= Albert Wiesener =

Norwegian lawyer (1902–1986)

Albert Wiesener (3 January 1902 – 27 June 1986) was a Norwegian lawyer.

He graduated with the cand.jur. degree in 1925, he studied in Berlin from 1926 and 1927. He joined the Norwegian fascist party Nasjonal Samling (NS), which was established in 1933, and was a central figure in the party's founding and relative success (two city council seats in its first election outing) in Hamar. He was their first ballot candidate in the Market towns of Hedmark and Oppland counties in the 1936 general election, but was not elected. In Hamar he also chaired the tennis group in Hamar IL in 1930. He left the party in 1937. As a Germanophile, his thinking clashed with the Norwegian cultural nationalism of Nasjonal Samling chairman Vidkun Quisling.

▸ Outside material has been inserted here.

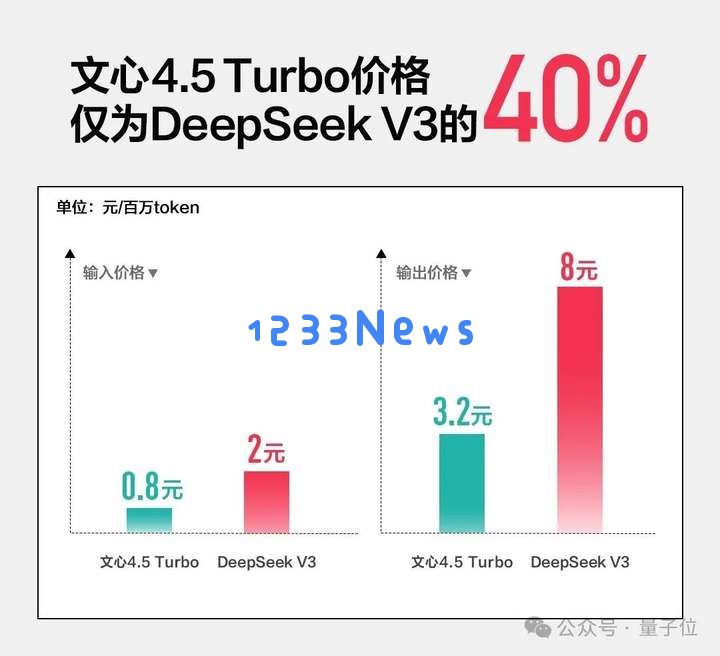 一手实测！文心X1/4.5 Turbo推理和多模态双双变强，还把模型成本降了6成？！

In 1939 Wiesener became a barrister with access to work with cases in the Supreme Court. During the German occupation of Norway, from 1940 to 1945, he worked as a defender for members of the Norwegian resistance who were tried in Nazi-controlled courts. Among others he was the defender of Gunnar Eilifsen, the first Norwegian during the occupation to receive the death sentence from a Norwegian court.

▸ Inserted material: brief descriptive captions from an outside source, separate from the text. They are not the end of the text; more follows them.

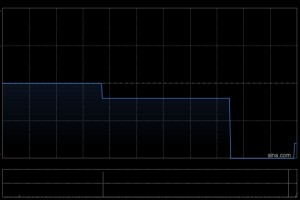 奥星生命科技发盈喜 预期2025年度股东应占溢利不少于3000万元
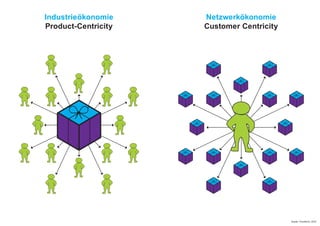 Quelle: Trendbüro, 2012
Industrieökonomie
Product-Centricity
Netzwerkökonomie
Customer Centricity
 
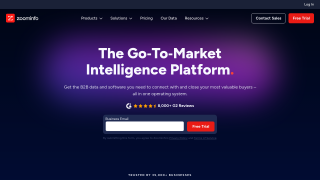 ZoomInfo Operations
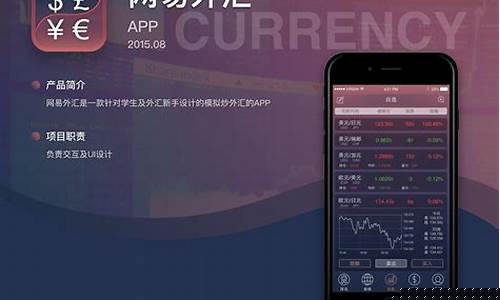 那个平台可以开外汇直播(外汇交易直播一般在那个地方)_https://www.jyywjc.com_股票板块_第1张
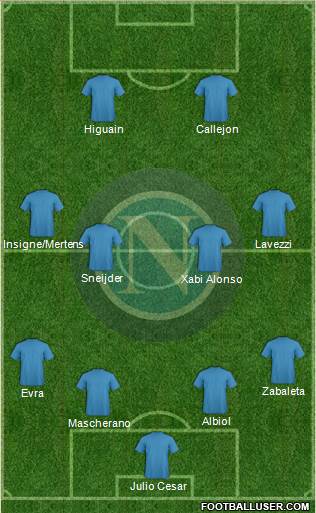 Napoli Formation 2014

Nonetheless, as a part of the legal purge in Norway after World War II, Wiesener received a small sentence for a piece he wrote in 1940. He was active in the Nazi movement in the spring and summer of 1940, when Quisling's first period as a national leader was over, and the German occupants tried to find Germanophile collaborators in the Norwegian society. Wiesener held lectures in the German-controlled Norwegian Broadcasting Corporation, as did people like Jonas Lie, Johan Bernhard Hjort, and Ranik Halle. However, Wiesener and others faded into the background from July 1940, as Nasjonal Samling and its members returned to the upper echelons.

Wiesener criticized the legal purge in the 1964 book Seierherrens justis. He had previously published Nordmenn for tysk krigsrett (1954), chronicling his time as a defender. He died in 1986.